How to submit multiple serial jobs with a single script

Occasionally, a group of serial jobs need to be run on TSCC. Rather than submit each job individually, they can be grouped together and submitted using a single batch script procedure such as the one described below.

Overview

Although it's preferable to run parallel codes whenever possible, sometimes that is not cost-effective, or the tasks are simply not parallelizable. In that case, using a procedure like this can save time and effort by organizing multiple serial jobs into a single input file and submitting them all in one step.

The code for this process is given below in a very simple example that uses basic shell commands as the serial tasks. Your complex serial tasks can easily be substituted for those commands and submitted using a modified version of these scripts and run from your own home directory.

Note that the /home filesystem on TSCC uses autofs. Under autofs, filesystems are not always visible to the ls command. If you cd to the/home/beta directory, for example, it will get mounted and become accessible. You can also reference it explicitly, e.g. ls /home/beta, to verify its availability.

Autofs is used to minimize the number of mounts visible to active nodes. All users have their own filesystem for their home directory.

submit.qsub (batch script to run to submit the job)
my_script.pl (perl script invoked by batch job)
jobs-list (input to perl script with names of serial jobs)
getid (executable to obtain the processor number, called by perl script)

Example Batch File

The following is an example script that can be modified to suit users with similar needs. This file is named submit.qsub.

#!/bin/sh
#
#PBS -q hotel
#PBS -m e
#PBS -o outfile
#PBS -e errfile
#PBS -V

###################################################################
### Update the below variables with correct values

### Name your job here again
#PBS -N jobname

### Put your node count and time here
#PBS -l nodes=1:np=5
#PBS -l walltime=00:10:00

### Put your notification E-mail ID here
#PBS -M username@some.domain

### Set this to the working directory
cd /home/beta/scripts/bundling

####################################################################

## Run my parallel job
/opt/openmpi_pgimx/bin/mpirun -machinefile $PBS_NODEFILE -np 5 \
                ./my_script.pl  jobs-list

Example Script and Input Files

The above batch script refers to this script file, named my_script.pl.

#!/usr/bin/perl
#
# This script executes a command from a list of files,
# based on the current MPI id.
#
# Last modified: Mar/11/2005
#

# call getid to get the MPI id number

($myid,$numprocs) = split(/\s+/,`./getid`);
$file_id = $myid;
$file_id++;


# open file and execute appropriate command

$file_to_use = $ARGV[0];
open (INPUT_FILE, $file_to_use) or &showhelp;

for ($i = 1; $i <= $file_id; $i++)
{
        $buf = <INPUT_FILE>;
}

system("$buf");

close INPUT_FILE;


sub showhelp
{
        print "\nUsage: mpiscript.pl <filename>\n\n";
        print "<filename> should contain a list of executables,";
        print " one-per-line, including the path.\n\n";
}

The batch script refers to this input file, named jobs-list.

hostname; date
hostname; ls
hostname; uptime
uptime
uptime > line-5

Sample Output

Running the above script writes output like this to the file <outfile>. Notice that the output lines are non-sequential and may be written to the same file.

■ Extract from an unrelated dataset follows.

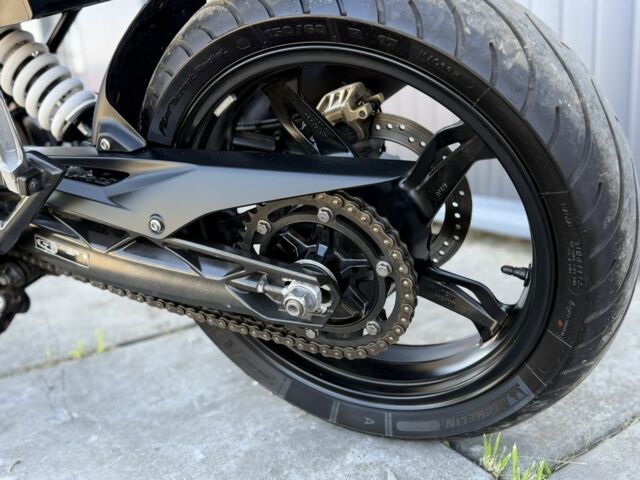 БМВ Другая, объемом двигателя 0.31 л и пробегом 0 тыс. км за 4800 $, фото 15 на Automoto.ua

 12:20:53 up 3 days,  5:41,  0 users,  load average: 0.92, 1.00, 0.99
compute-0-51.local
compute-0-51.local
Wed Aug 19 12:20:53 PDT 2009
 12:20:53 up 3 days,  5:41,  0 users,  load average: 0.92, 1.00, 0.99
compute-0-51.local
getid  getid.c  jobs-list  line-5  my_script.pl  submit.qsub

Line 5 in the above script writes output like this to the file <line-5>. This output does not appear in the shared output file.

 12:20:53 up 3 days,  5:41,  0 users,  load average: 0.92, 1.00, 0.99

Summary and Potential Other Uses

A modification of this procedure is available from TSCC User Support (member-only list) that matches the number of scripts to the number of processors, when more scripts are being run than processors are available.

It should also be possible to modify this script to run parallel jobs. Feel free to try it or ask support for help through the Discussion List.